- North American cover art of the two different versions
- Developer: Capcom Production Studio 2
- Publisher: Capcom
- Director: Masakazu Eguchi
- Producer: Takeshi Horinouchi
- Designers: Masahiro Yasuma Yusuke Tokita Yutaka Utsugi Kohei Ozaki
- Artist: Yuji Ishihara
- Writers: Teruhiro Shimogawa Shinsuke Kodama Shin Kurosawa Hiroshi Yamashita Kosuke Nasu
- Composers: Marika Suzuki Yoshino Aoki
- Series: Mega Man Star Force
- Platform: Nintendo DS
- Release: JP: November 22, 2007; NA: June 24, 2008; PAL: October 31, 2008;
- Genre: Action role-playing
- Modes: Single-player, multiplayer

= Mega Man Star Force 2 =

2007 video game

Mega Man Star Force 2: Zerker × Ninja and Mega Man Star Force 2: Zerker × Saurian are action role-playing games developed by Capcom for the Nintendo DS. It is the sequel to Mega Man Star Force and the second game in the Mega Man Star Force trilogy.
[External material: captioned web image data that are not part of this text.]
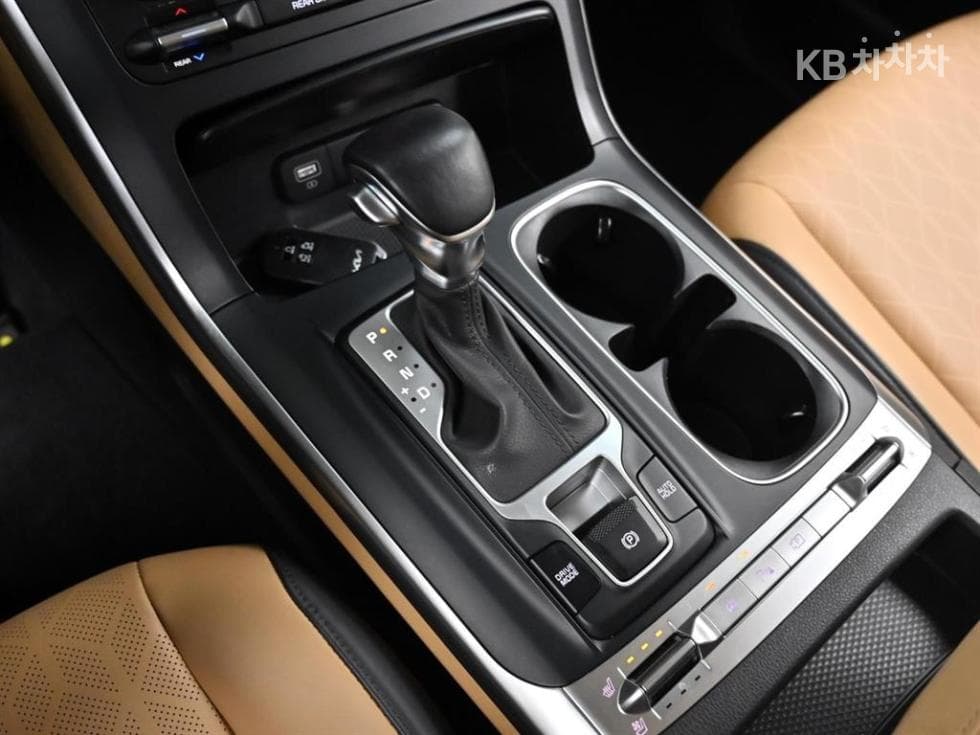 Киа Канивал 4-то поколениеG3.5 GDI 11-местен Престиж - 9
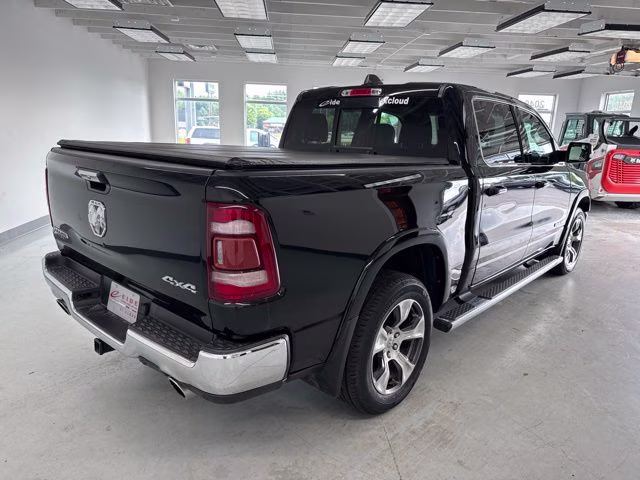2019 Diamond Black Crystal Pearlcoat Ram 1500 Laramie 4X4 Truck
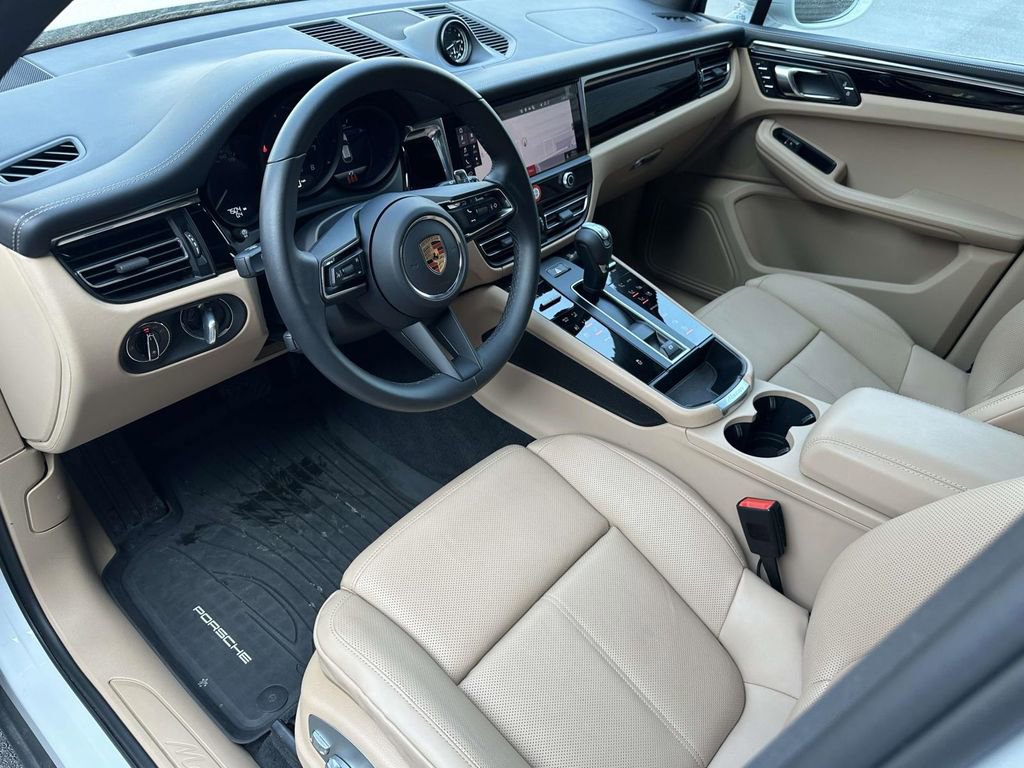Certified 2025 Porsche Macan image 12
The game was first confirmed on April 12, 2007 in an issue of CoroCoro Comic. The same issue also revealed that a boss design contest would be held exclusively in Japan much like the same contests held for the Battle Network games. A sequel, Mega Man Star Force 3, was released on November 13, 2008 in Japan.
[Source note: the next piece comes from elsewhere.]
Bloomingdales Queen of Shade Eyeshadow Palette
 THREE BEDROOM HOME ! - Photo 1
In a similar format to Mega Man Battle Network 5: Double Team DS, each game card contains two versions of the game, available as Zerker × Ninja (ベルセルク×シノビ, Berserk × Shinobi) and Zerker × Saurian (ベルセルク×ダイナソー, Berserk × Dinosaur). Both versions were later compiled in Mega Man Star Force Legacy Collection (2026).

==Gameplay==

===Battle system===
Mega Man Star Force 2 is an action RPG much in the same vein as the first game. It is rendered in an isometric style (sprites, views, etc.) during field gameplay, but its battle system is three-dimensional, with the battles being viewed from behind Mega Man, and movement restricted to only left and right. Since enemies have a much larger playing field, battle evasion seems limited, but the player is given a choice of techniques like shielding and homing attacks to keep battles balanced. Mega Man's life is a simple "Hit point" (HP) numerical system. When he takes damage, the number lowers, and when it reaches "zero," the game is over and the player must restart from their last save point. HP can be recovered in a number of ways, both in and out of battle. The player can also use their standard Mega Buster at any time to combat with, and upgrade items for Omega-Xis can be collected throughout the game to increase the Mega Buster's rate, power, and charge speed. The Mega Buster is constantly charging to release a single powerful shot, but the player can hold the button down to fire rapidly.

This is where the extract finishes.